The complex is a great example of how to incorporate new multi-family residential development, into a historical urban area.  51 townhouse units line the sidewalk, creating a pedestrian friendly street edge.  Despite the urban appearance, private parking is still accommodated in the middle of the block.

Located next door to the Parks at the Cathedral townhomes, this Community Connections project represents a failure within our planning and zoning community.  Instead of following the same concept that was successfully pulled off by the project across the street, Community Connections was allowed to design a suburban oriented facility within the core of a historical urban district. 

The substitution of a parking lot retaining wall, as opposed to a building entry along the sidewalk, can be seen in the image below.  Here, a sidewalk lined with pedestrian friendly entries has been broken up with an infill surface parking lot.

The Immaculate Conception Catholic Church's 178.5' steeple was the tallest structure in the city from 1910 to 1913.

Located at 711 North Liberty Street, this building served as the original Jacksonville Police Headquarters.

The eastern area of the district was once dominated by industrial and commercial uses.
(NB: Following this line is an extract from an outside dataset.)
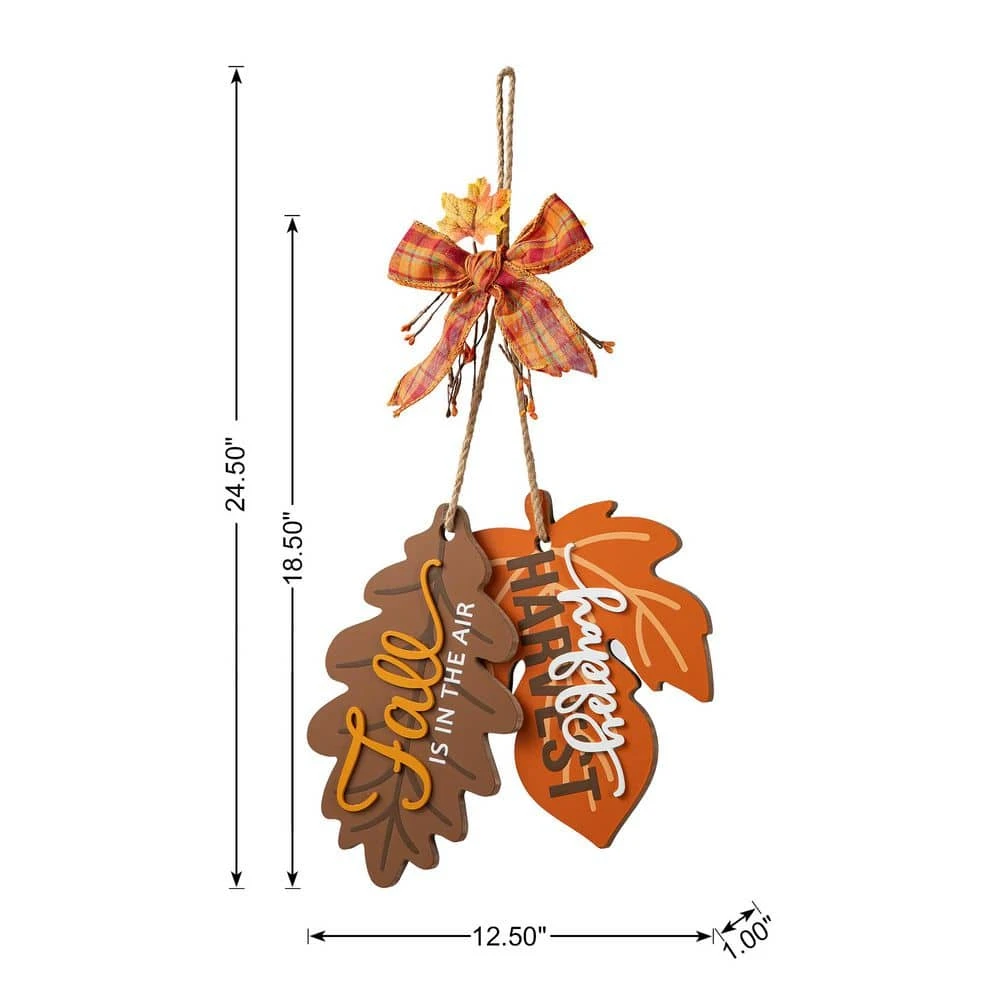 24.5 In. Fall Wooden Christmas Maple Leaves With Bowknot Door Hanger 4 24.5 In. Fall Wooden Christmas Maple Leaves With Bowknot Door Hanger - Image 4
As the district and downtown continue to redevelop, this area may once again become a popular neighborhood location for commercial uses.

Cathedral Center

During the late 1960's, the nearby St. John's Cathedral congregation felt they had an obligation to address their decaying surroundings.  This desire grew into a plan to redevelop the entire area bounded by Hogans Creek, Duval, Ocean and Union Streets.

Called Cathedral Center, this massive 23-block urban renewal project included highrise towers, townhomes and condominiums, a major public park, hotels and a health care center.  Unfortunately, federal funds earmarked for these type of developments ran out before the plan could be finalized.  Despite failing, three retirement towers and a rehabilitation center from the plan became reality.

Downtown's only full service grocery store is located in the Cathedral District.  This Winn-Dixie store was renovated and expanded earlier this year.

In 2001, while working on underground utilities for the Parks townhome project, contractors discovered human remains.  This area was then determined to be a part of the Old City Burying Grounds, Jacksonville's oldest documented public cemetery.  The 19th century graveyard was relocated, allowing the project to move forward.  A portion of this area was developed into Cathedral Park, a small pocket park.

Walking through the Cathedral District can be pretty difficult experience due to the large number of vacant properties and surface parking lots.  However, these areas of blight also can be viewed as an opportunity for small affordable infill projects within the downtown core.

The Cathedral District is dominated with small properties that can be taken advantage of by visionary urban pioneers.

These two Liberty Street structures are a form of multi-family residential construction that heavily dominated the district during its heyday. 

 The Elena Flats at 122 E. Duval Street, represent a form of urban housing that dominated the streets of downtown during the early 20th century.  Today, it sits abandoned and is one of the last remaining examples of small historic rooming houses in the Northbank.


Many of the older homes have been saved from demolition by being converted into office uses.  While they no longer contribute to the residential population base, they are still an integral part of the district's distinct urban atmosphere.

 The St. John's Episcopal Cathedral sits on the crest of "Billy Goat Hill," the highest point in the original city limits.  Because the church grounds were originally on the outskirts of town, Market Street stops and picks back up again around the property.